Opinion filed October 14, 1976.
Richard J. Wilson and Daniel D. Yuhas, both of State Appellate Defender's Office, of Springfield, for appellant.
Basil G. Greanias, State's Attorney, of Decatur, for the People.
Judgment affirmed.
Mr. JUSTICE GREEN delivered the opinion of the court:
Defendant, Jim Williams, pleaded guilty to the offense of misdemeanor theft in the circuit court of Macon County, was sentenced to 1 year on probation, and ordered to pay costs. During the seventh month of probation, a report was filed with the court alleging that defendant had violated his probation. On subsequent hearing, probation was revoked and defendant sentenced to 364 days' imprisonment, the maximum authorized for misdemeanor theft by section 5-8-3(a)(1) of the Unified Code of Corrections. (Ill. Rev. Stat. 1973, ch. 38, par. 1005-8-3(a)(1).) The sentence denied credit for time spent on probation. Defendant appeals, attacking the validity of the sentence because of its failure to give such credit.
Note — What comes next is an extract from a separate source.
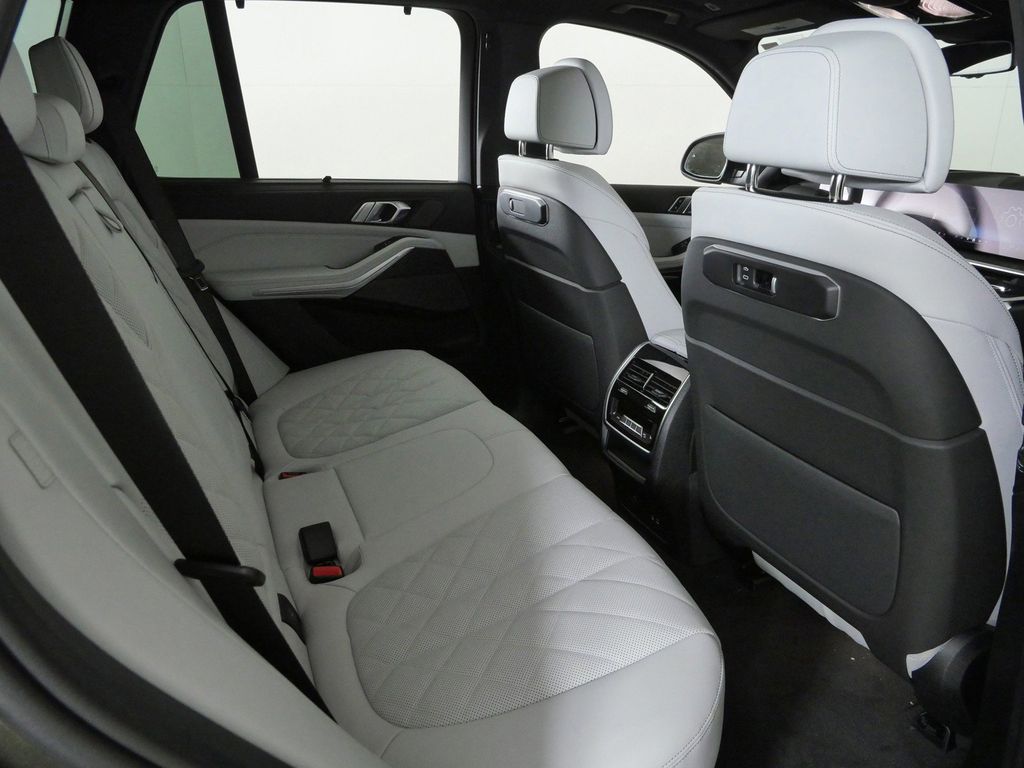 Thumbnail: 2026 BMW X5 - 26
Defendant does not dispute that at all times pertinent section 5-6-4(h) of the Code (Ill. Rev. Stat. 1973, ch. 38, par. 1005-6-4(h)) *575 purported to give the judge imposing sentence authority to deny the defendant credit for the time served on probation. Rather, defendant argues that the double jeopardy clause of the United States Constitution as interpreted by North Carolina v. Pearce (1969), 395 U.S. 711, 23 L. Ed. 2d 656, 89 S. Ct. 2072, requires that he be given this credit. There, an Alabama convict while serving sentence of imprisonment obtained relief granting him a new trial. He was then reconvicted and given a harsher sentence, which gave him no credit for the incarceration he had served on his original sentence. The United States Supreme Court affirmed the lower Federal court ruling which set aside the sentences of the Alabama convict and one of a North Carolina convict who, under similar circumstances, had also received a more severe sentence on retrial. Although the opinion dealt primarily with the question of the harsher imprisonment imposed on resentence, the court ruled that the failure of the Alabama court to give its convict credit for time served in prison on the original sentence was constitutionally impermissible. The court stated:
"We think it is clear that this basic constitutional guarantee is violated when punishment already exacted for an offense is not fully `credited' in imposing sentence upon a new conviction for the same offense. The constitutional violation is flagrantly apparent in a case involving the imposition of a maximum sentence after reconviction. Suppose, for example, in a jurisdiction where the maximum allowable sentence for larceny is 10 years' imprisonment, a man succeeds in getting his larceny conviction set aside after serving three years in prison. If, upon reconviction, he is given a 10-year sentence, then, quite clearly, he will have received multiple punishments for the same offense. For he will have been compelled to serve separate prison terms of three years and 10 years, although the maximum single punishment for the offense is 10 years' imprisonment. Though not so dramatically evident, the same principle obviously holds true whenever punishment already endured is not fully subtracted from any new sentence imposed.[12]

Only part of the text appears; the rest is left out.